DIRECTIONS FOR THIS TASK. Of the lines in the material below, print only those from the one containing "LEGO Harry Potter" to the one containing "Carenados Moto Ducati", ends included, exactly as written and without pictures.

MATERIAL TO PROCESS.
• • • •

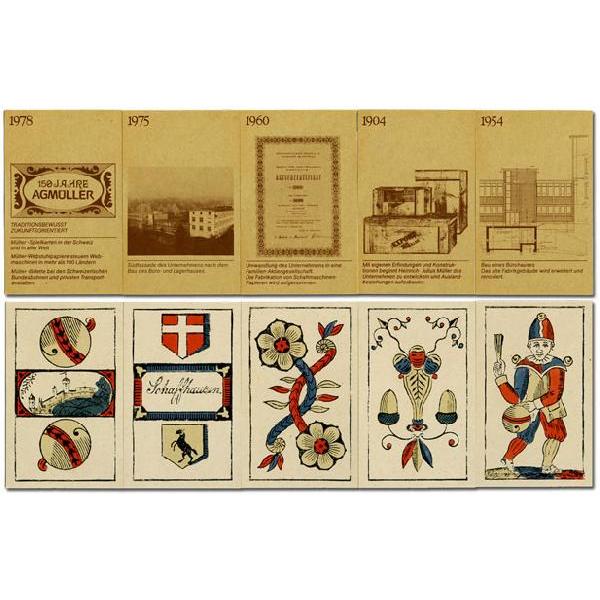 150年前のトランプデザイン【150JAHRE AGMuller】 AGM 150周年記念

• • • •

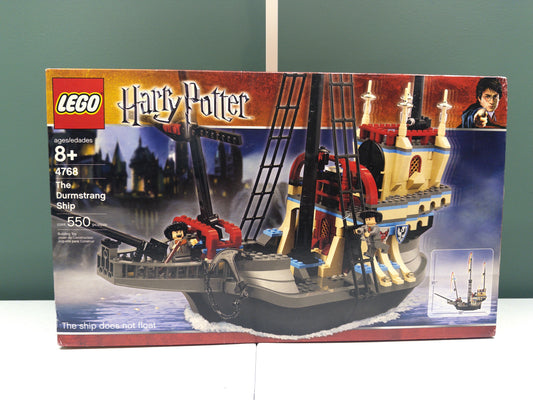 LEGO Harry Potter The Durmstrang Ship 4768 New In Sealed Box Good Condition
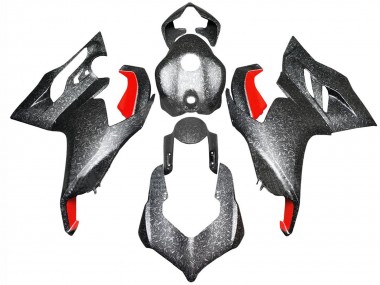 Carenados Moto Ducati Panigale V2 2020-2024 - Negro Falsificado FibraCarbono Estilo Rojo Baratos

• • • •

WRITTEN ANSWER.
 LEGO Harry Potter The Durmstrang Ship 4768 New In Sealed Box Good Condition
 Carenados Moto Ducati Panigale V2 2020-2024 - Negro Falsificado FibraCarbono Estilo Rojo Baratos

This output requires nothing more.